12. A hobo can make a cigarette out of every five butts. How many can this person make out of 25 butts?
13. How many squares are there (of any size) in a standard checkerboard? How many rectangles?
14. How many different combinations of coins can be used to make thirty cents?
15. Find the smallest number that has a remainder of 3 when divided by 4 or by 5 or by 6 .
16. A point P is chosen on one side of a 3 x 4 rectangle, and this point is connected to the two ends of the side across from the side containing P. Find area of the triangle formed by P and the two opposite ends.
17. A vertical yard-stick casts a four-foot shadow while a nearby tree casts an 80-yard shadow. How tall is the tree?

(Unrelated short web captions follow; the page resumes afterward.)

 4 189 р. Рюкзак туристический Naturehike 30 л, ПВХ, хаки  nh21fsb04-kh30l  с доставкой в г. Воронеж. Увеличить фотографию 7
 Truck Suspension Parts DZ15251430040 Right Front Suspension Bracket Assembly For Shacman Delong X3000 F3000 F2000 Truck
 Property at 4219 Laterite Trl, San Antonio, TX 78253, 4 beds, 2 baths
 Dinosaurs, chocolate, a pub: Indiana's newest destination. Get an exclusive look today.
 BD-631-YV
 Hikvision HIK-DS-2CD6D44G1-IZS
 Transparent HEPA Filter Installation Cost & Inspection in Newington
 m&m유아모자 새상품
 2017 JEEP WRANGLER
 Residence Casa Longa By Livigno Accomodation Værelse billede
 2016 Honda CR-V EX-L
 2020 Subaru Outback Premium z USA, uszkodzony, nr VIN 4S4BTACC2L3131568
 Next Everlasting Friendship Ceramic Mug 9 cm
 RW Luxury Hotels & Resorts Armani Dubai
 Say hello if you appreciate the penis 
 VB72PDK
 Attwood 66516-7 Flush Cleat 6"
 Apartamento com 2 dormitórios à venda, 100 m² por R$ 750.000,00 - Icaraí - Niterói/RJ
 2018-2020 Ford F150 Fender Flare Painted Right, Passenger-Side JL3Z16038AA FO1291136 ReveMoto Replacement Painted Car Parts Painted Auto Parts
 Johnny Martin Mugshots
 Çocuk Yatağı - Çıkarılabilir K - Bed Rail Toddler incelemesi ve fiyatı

18. A child's bank has dimes and quarters (37 coins in all), with total value $6.40 . How many dimes does the bank contain?
19. Which is greater, the height of a can of three tennis balls, or the distance around the base of the can?
20. Find the volume of a cube with surface area (total) 150 square units.
21. The population of scum in a scum pond triples every hour. At 10:00, the population was 8,730,000 organisms. When was the population 970,000 organisms?
22. Draw a path (if possible) through
the doors of this house so that every
door is used exactly once.
23. A square of maximum size is drawn inside a quarter-circle of radius .76 . Find the length of a diagonal of the square.
24. A person travels 60 miles per hour for a certain number of hours and then 40 miles per hour for the return trip. What is the average speed?
25. Suddenly, we've lost the digit 7. This means we've also lost 17, 27, all of the 70-71-72-... , all of the 700's, and so on. What fraction of the natural numbers have we lost?
26. A man and a woman leave a stockholders' meeting armed with data needed by their respective agencies. One seat is left on the plane; the race is on. Each makes a public restroom stop before leaving the building. What is the probability that one will be delayed because of a lack of gender consideration on the part of the building architect?